Since it was founded in 2015, Pirate has grown to around 350 studios across the UK, Germany and the US. It had initially only offered recording studios, but now also has facilities for DJs and producers, and those using the sites can automatically record their content and live-stream it to social media platforms.
“We wanted to create studios that were more affordable, so we did this by opening up our sites for a 24-hour booking period per day,” said David Borrie, co-founder and CEO of Pirate Studios.
“And what most people don’t see is that we’re half construction company, half music studio company, so all our designs are effectively flat pack which we can build very quickly and, because we’re in industrial buildings, our rates can be cheaper.”
The latest fundraise comes amid growing interest in the music production space, with companies such as Spotify launching artist development programmes and allowing artists to upload their own music to the platform. Apple Music, meanwhile, in October took on staff from smaller business Asaii, which uses algorithms to predict which artists will be popular.
Spotify and Apple Music have been battling for market share in music streaming space, although Spotify, which launched first, is still thought to be well ahead.
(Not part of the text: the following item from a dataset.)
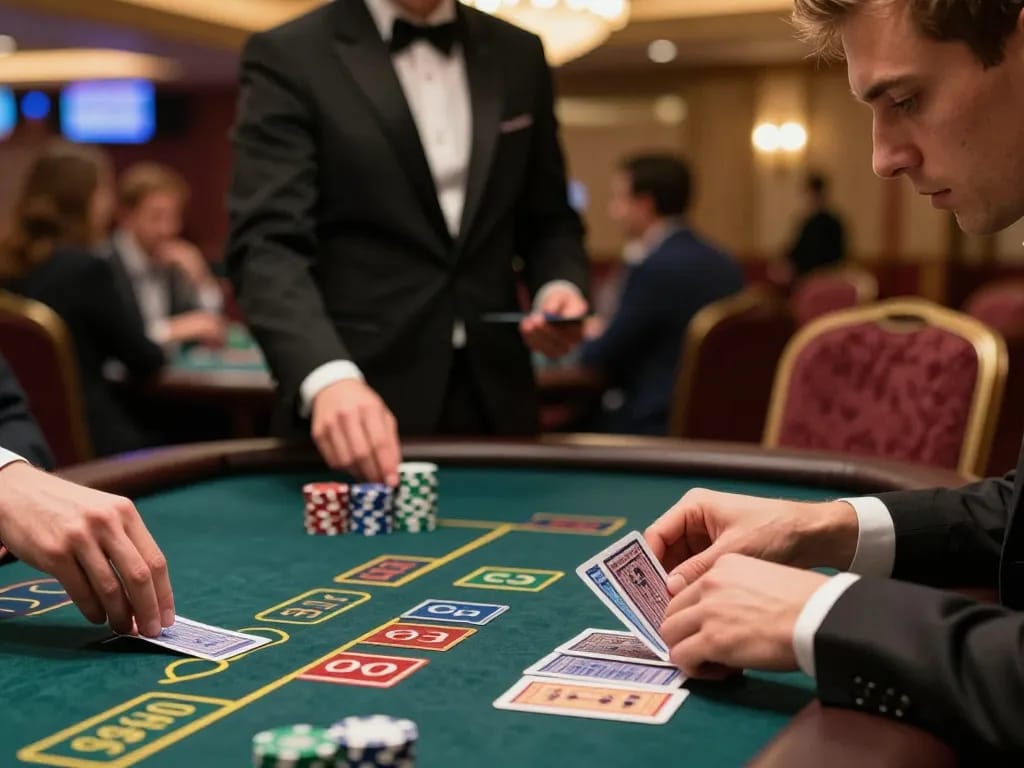 tg88 player calculating odds at blackjack table with chips and dealer, vibrant casino atmosphere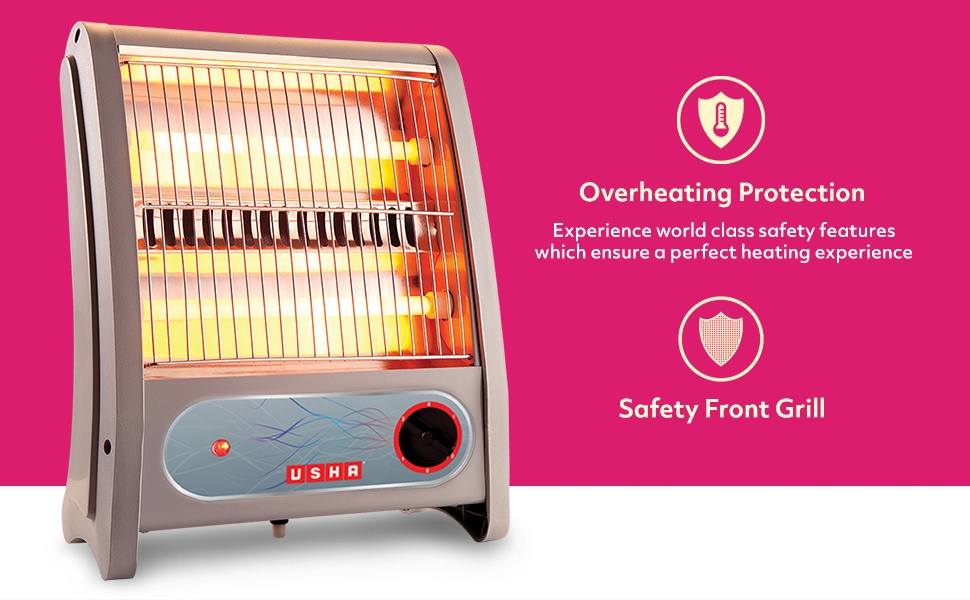 USHA Quartz Room Heater with Overheating Protection, 800 Watts, Two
In May, Apple’s subscription service had 50 million active users, while Spotify has around 87 million paying subscribers and 110 million unpaid users.
“Interestingly the Spotifys and the Apple Musics are doing a great job in pushing bands and artists to record their content and either they pay to record their own content or they have a label paying for them,” Mr Borrie said.
“But we’re really more at the grass roots, so we’re looking at the artists who are trying to make it. They are just starting their journey or trying to push on to that next level, where they can then go up, record or start producing material which can go on to the likes of Spotify or Apple.”
“As to whether Spotify or Apple would ever be interested in having their own studios, from our perspective we want to make it so that we’re not pushing artists down one particular channel. We want to give artists as much choice as possible and by entertaining discussions with any particular provider in terms of how their music is distributed it would be pigeonholing ourselves,” he said.
“I guess maybe at some point these companies might want to look at stuff that's more in the grass-routes area, but we're very happy with the support we give those artists at the moment and we'll try to continue that choice and freedom.”